De la même façon dans Aguebor c. M.E.I7., cette Cour a énoncé:

             
                 There is no longer any doubt that the Refugee Division, which is a specialized tribunal, has complete jurisdiction to determine the plausibility of testimony: who is in a better position than the Refugee Division to gauge the credibility of an account and to draw the necessary inferences? As long as the inferences drawn by the tribunal are not unreasonable as to warrant our intervention, its findings are not open to judicial review.                 

[16]      Dans la première partie de la question en litige, la partie requérante déclare que la Commission a rendu une décision fondée sur des conclusions des faits erronées tirée de façon arbitraire de la preuve et sans tenir compte des éléments dont elle disposait en concluant que le requérant aurait été crédible s'il avait dit avoir été questionné sur sa clientèle, qui incitait ses ouvriers à voter pour l'UNR, quand il était en détention. Selon la Commission, elle aurait conclu que cela aurait été plus crédible si de telles questions avaient été posées puisque le requérant "n'était que leur tailleur".

[17]      Je suis d'avis que la Commission n'a pas donné de motif valable pour justifier sa conclusion à l'effet qu'elle trouvait le requérant non crédible. La jurisprudence a déterminé que lorsque la Commission rejette une revendication basée sur la crédibilité, elle doit énoncer clairement pourquoi elle ne croit pas le requérant8 ainsi que donner ses raisons9.

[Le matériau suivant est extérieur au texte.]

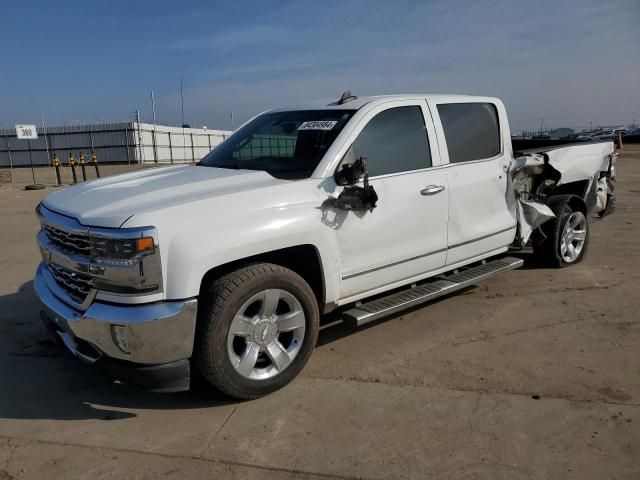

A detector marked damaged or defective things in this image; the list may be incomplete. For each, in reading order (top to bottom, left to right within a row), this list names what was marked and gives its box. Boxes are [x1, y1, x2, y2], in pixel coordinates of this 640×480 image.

damaged side mirror [330, 149, 376, 211]
exposed rear wheel [192, 262, 318, 398]
cracked concrete surface [0, 148, 636, 478]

[18]      En l'espèce, la Commission semble avoir déterminé que si le requérant avait été interrogé par les autorités sur sa clientèle, ceci aurait été plus crédible puisque après tout, le requérant "...n'était que leur tailleur". Tel qu'indiqué par les faits, le requérant est demeuré en détention suite à cet incident du 29 septembre 1993 au 29 mars 1994; il a été torturé pendant cette période. La Commission a même demandé au requérant de montrer les marques de ces séances de torture. Il semble donc clair que les autorités n'étaient pas intéressées à la clientèle du requérant mais plutôt à son association avec l'UNR.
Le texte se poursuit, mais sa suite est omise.